--- Provided material Enclosed Below ---

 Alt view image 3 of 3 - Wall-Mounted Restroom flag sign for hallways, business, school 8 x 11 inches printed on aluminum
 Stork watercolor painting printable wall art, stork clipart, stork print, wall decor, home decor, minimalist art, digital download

--- End of Enclosed Provided material ---
--- Provided material Enclosed Below ---

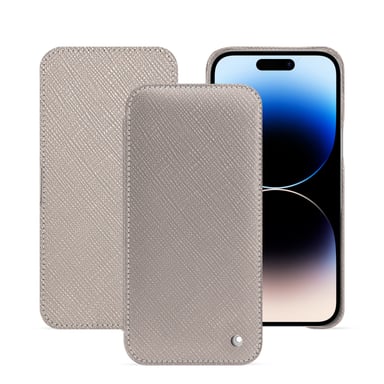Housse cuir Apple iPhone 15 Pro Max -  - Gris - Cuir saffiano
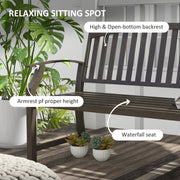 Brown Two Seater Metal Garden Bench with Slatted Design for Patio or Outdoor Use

--- End of Enclosed Provided material ---
--- Provided material Enclosed Below ---

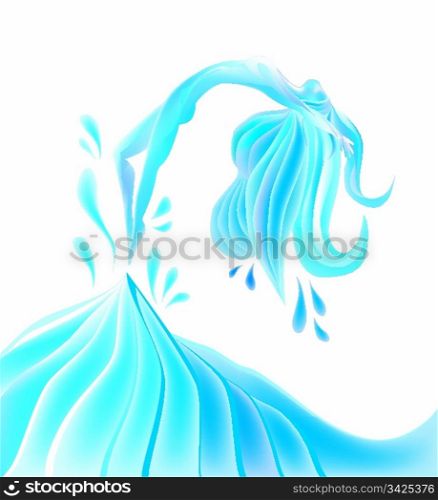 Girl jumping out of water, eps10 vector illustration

--- End of Enclosed Provided material ---

- **Your assignment**
When you reach the line in the material above that holds "Alt view image", begin reproducing lines exactly, and stop after the line that holds "Stork watercolor painting".

- **Solution**
 Alt view image 3 of 3 - Wall-Mounted Restroom flag sign for hallways, business, school 8 x 11 inches printed on aluminum
 Stork watercolor painting printable wall art, stork clipart, stork print, wall decor, home decor, minimalist art, digital download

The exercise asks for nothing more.